▶ **Your objective**:
In the records below, count every line that contains the word "Picture" and report only the total.

====================

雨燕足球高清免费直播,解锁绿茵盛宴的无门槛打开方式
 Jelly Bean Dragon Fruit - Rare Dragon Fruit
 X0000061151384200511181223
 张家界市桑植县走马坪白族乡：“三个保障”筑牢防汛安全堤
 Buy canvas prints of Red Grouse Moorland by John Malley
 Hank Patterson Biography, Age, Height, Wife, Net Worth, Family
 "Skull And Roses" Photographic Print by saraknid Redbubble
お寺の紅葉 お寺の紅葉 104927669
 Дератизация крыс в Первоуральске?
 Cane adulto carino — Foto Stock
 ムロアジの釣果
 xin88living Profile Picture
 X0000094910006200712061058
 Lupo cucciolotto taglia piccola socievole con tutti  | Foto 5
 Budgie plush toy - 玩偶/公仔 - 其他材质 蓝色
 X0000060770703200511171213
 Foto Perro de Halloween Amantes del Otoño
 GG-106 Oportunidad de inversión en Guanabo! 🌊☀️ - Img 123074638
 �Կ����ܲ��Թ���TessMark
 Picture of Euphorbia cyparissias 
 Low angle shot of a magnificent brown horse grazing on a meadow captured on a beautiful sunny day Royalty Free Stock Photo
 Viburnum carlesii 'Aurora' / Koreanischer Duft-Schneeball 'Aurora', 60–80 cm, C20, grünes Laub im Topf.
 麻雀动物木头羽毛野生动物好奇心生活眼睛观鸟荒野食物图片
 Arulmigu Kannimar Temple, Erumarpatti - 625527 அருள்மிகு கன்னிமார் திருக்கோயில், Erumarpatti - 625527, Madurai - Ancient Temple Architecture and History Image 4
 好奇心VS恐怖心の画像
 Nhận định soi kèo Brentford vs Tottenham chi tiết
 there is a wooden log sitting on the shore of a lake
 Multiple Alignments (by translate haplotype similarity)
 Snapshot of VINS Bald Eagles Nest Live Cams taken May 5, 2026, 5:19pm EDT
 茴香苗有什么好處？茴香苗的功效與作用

====================

▶ **Reply**:
2